Bolshoi's choreographer back

By Tony Halpin
The Australian

He ruled the world's most famous ballet company with an iron fist for three decades until he was ousted in a revolt against his authoritarian style.

Now Yuri Grigorovich is returning to the Bolshoi Ballet in Moscow to oversee the Soviet-era repertoire that earned him global fame as a choreographer.

Grigorovich, 81, was the Bolshoi's artistic director from 1964 until 1995, when he was forced out amid accusations that its reputation had stagnated and crumbled with the Soviet Union. His appointment this week as a ballet master by general director Anatoly Iksanov marks a stunning return.

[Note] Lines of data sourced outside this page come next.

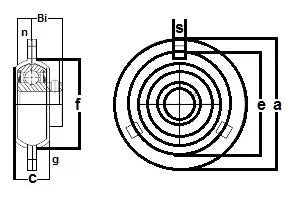 Technical diagram of flange pressed steel bearing, three bolt mount, self-aligning, 1 1/8 inch ID, for light duty equipment.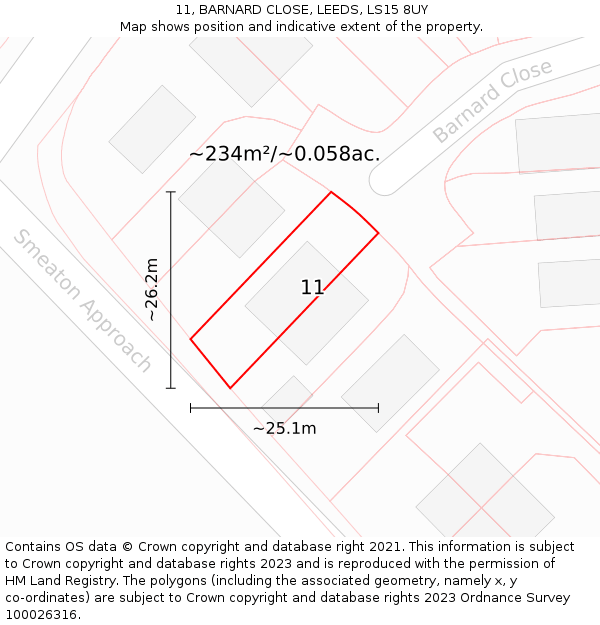 11, BARNARD CLOSE, LEEDS, LS15 8UY: Plot and title map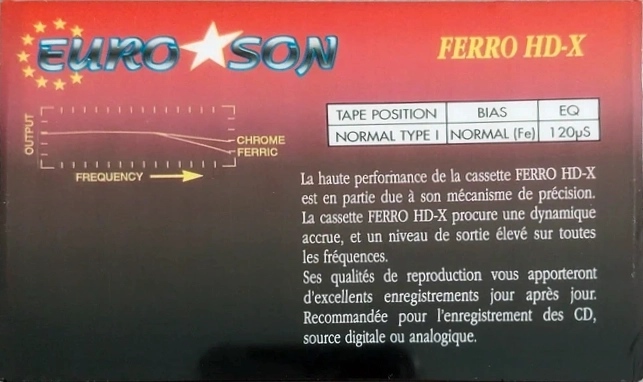 Compact Cassette Euro Son HD X 90 Type I Normal Unknown Country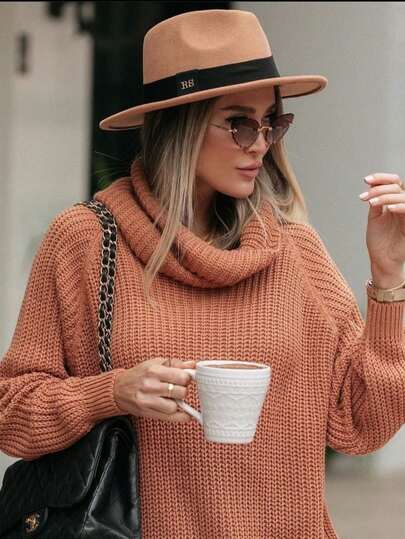 Blusa De Frio Feminina Suéter Tricô Gola Alta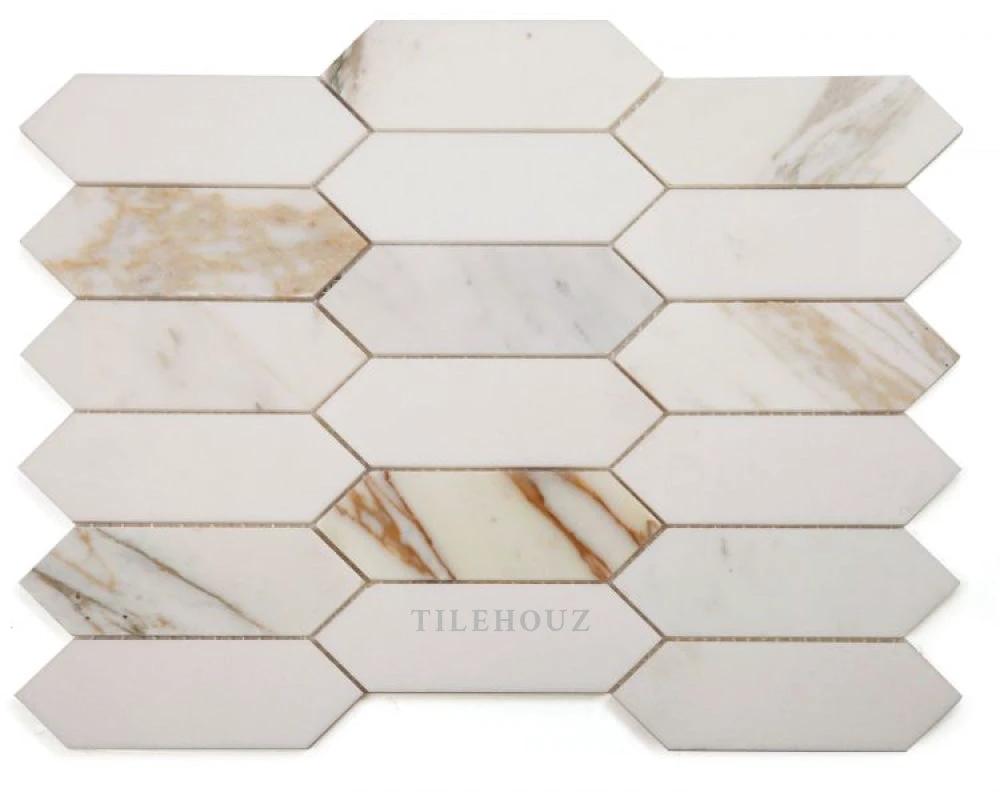 Elongated Hex Calacatta marble wall tile mosaic by Tilehouz, 11.75 x 15 inches, with natural veining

Grigorovich received the invitation to return to the theatre at the funeral last month of his wife, Natalia Bessmertnova, the legendary ballerina whose name means immortal in Russian. She was among 15 dancers who protested against Grigorovich's departure with a one-day strike. They appeared on stage in jeans and T-shirts before a shocked audience expecting to see Romeo and Juliet, the first time that a performance was cancelled by a dancers' protest since the Bolshoi was founded in 1776.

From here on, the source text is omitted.